In contrast, if one wants to provide commands that allow the user to directly
manipulate the paragraph shape somehow (one example in a restricted sense
being Initials) then this should not be done via the templates provided in xhj
but by making use of the lower-level interface that comes with galley2.dtx

the module xinitials will do something like that

===================================================================

do you remember what the second abstract question was? No? Here is another
rephrase:

to what elements should templates apply that do set parameters of underlying
algorithms (in some way or other)

for example the "std" template of type justification sets the justification
for all upcoming paragraphs of the galley (potentially at least) while the
"single" template sets it only for the next. Achim suggested that not the
template but the user should decide on the scope.

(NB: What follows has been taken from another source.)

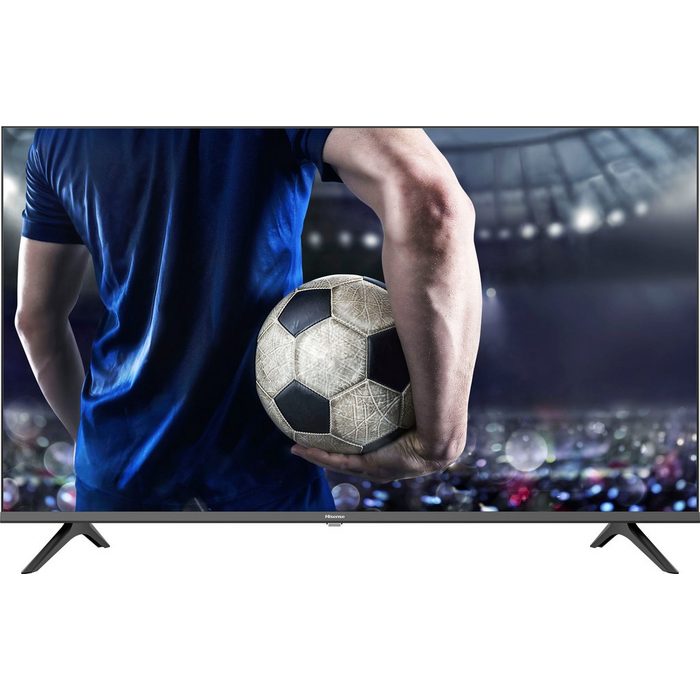 Hisense 32AE5500F LED-Fernseher (80 cm/32 Zoll HD ready Smart-TV)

Now I agree with him but who is the "user"? The user is the designer of the
document class layout and if this "user" says that the first paragraph of a
caption should have the first line centered and any following paragraphs
should be justified without indentation then he can do this now by setting a

justification-setup =i

key to the appropriate value. by making the (i agree) somewhat different
feeling templates one and the same type I allowed for flexibility in
design. In an earlier implementation I had two types but that resulted in
either strange templates (making use of both) or in a lot of repitition, ie
the need to have nearly identical templates differing only in one key since
that key was of a different type.

another way to look at it is to say that the "single" one is actually also
setting all paragraphs in the galley (it sets the first to X and the rest to
whatever was before X).

yet another way is to get rid of "single" and implement what i called
"complex" differently since what in practise will be needed are the instances
from "std" and from "complex"

does this make some sense?

------------------------------

a related question is whether it is permissable for templates to do inheriting
of values while other templates of the same type do set all values. I think i
should be permissable for the sake of flexibility, however, it is a fact that
this makes looking at a design implementation (ie at a list of
\DeclareInstance commands) a bit diffcult if not used with care.
After all you may have difficulties to guess what is actually gonna be used if
such template instances then follow each other.